Moreover, the valuation of the company’s real estate portfolio edged up by 2 percent year-on-year to £2.5 billion. Specifically, the value of its office assets rose by 2.8 percent, but that for its retail properties dipped by 0.8 percent.
Great Portland Estates’ rental values also increased marginally by 1.6 percent, while yield slightly declined by 1 basis point.
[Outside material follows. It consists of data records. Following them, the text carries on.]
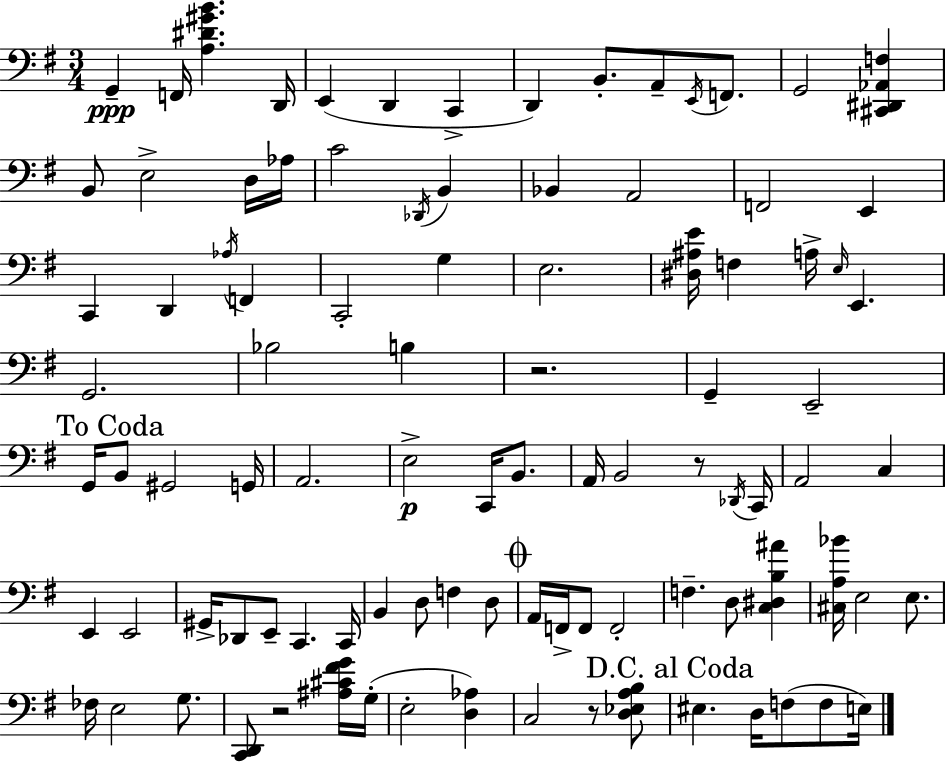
X:1
T:Untitled
M:3/4
L:1/4
K:Em
G,, F,,/4 [A,^D^GB] D,,/4 E,, D,, C,, D,, B,,/2 A,,/2 E,,/4 F,,/2 G,,2 [^C,,^D,,_A,,F,] B,,/2 E,2 D,/4 _A,/4 C2 _D,,/4 B,, _B,, A,,2 F,,2 E,, C,, D,, _A,/4 F,, C,,2 G, E,2 [^D,^A,E]/4 F, A,/4 E,/4 E,, G,,2 _B,2 B, z2 G,, E,,2 G,,/4 B,,/2 ^G,,2 G,,/4 A,,2 E,2 C,,/4 B,,/2 A,,/4 B,,2 z/2 _D,,/4 C,,/4 A,,2 C, E,, E,,2 ^G,,/4 _D,,/2 E,,/2 C,, C,,/4 B,, D,/2 F, D,/2 A,,/4 F,,/4 F,,/2 F,,2 F, D,/2 [C,^D,B,^A] [^C,A,_B]/4 E,2 E,/2 _F,/4 E,2 G,/2 [C,,D,,]/2 z2 [^A,^C^FG]/4 G,/4 E,2 [D,_A,] C,2 z/2 [D,_E,A,B,]/2 ^E, D,/4 F,/2 F,/2 E,/4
It recorded overall property returns of 3.7 percent and capital return of 2.2 percent as compared MSCI Central London (quarterly index) growth of 1.3 percent.
“Whilst activity is not yet back to pre-COVID levels, it is clear that London’s economy and its property markets are recovering with office workers and shoppers both returning to the main commercial districts of the capital,” said Great Portland Estates’ Chief Executive Toby Courtauld.
“Simultaneously, we are seeing healthy growth in office jobs, which is driving renewed occupier demand for City and West End offices, up by more than 50 percent since this time last year.
Amidst the positive figures, the FTSE 250 property investment and development company, upgraded the rental value guidance of its portfolio to between 2 percent and 5 percent for the whole of FY2021.
“Encouragingly, we are successfully capturing this market momentum in our own spaces, leasing more in the first half than in the previous 2 years put together and beating rental values by 9.8 percent overall.”
“Whilst market volatility is possible in the near term, we expect these positive leasing trends to continue. As a result, and assuming no further COVID restrictions, we have raised our guidance for our rental values and now forecast that they will rise for the full year in the range of 2 percent to 5 percent,” added Courtauld.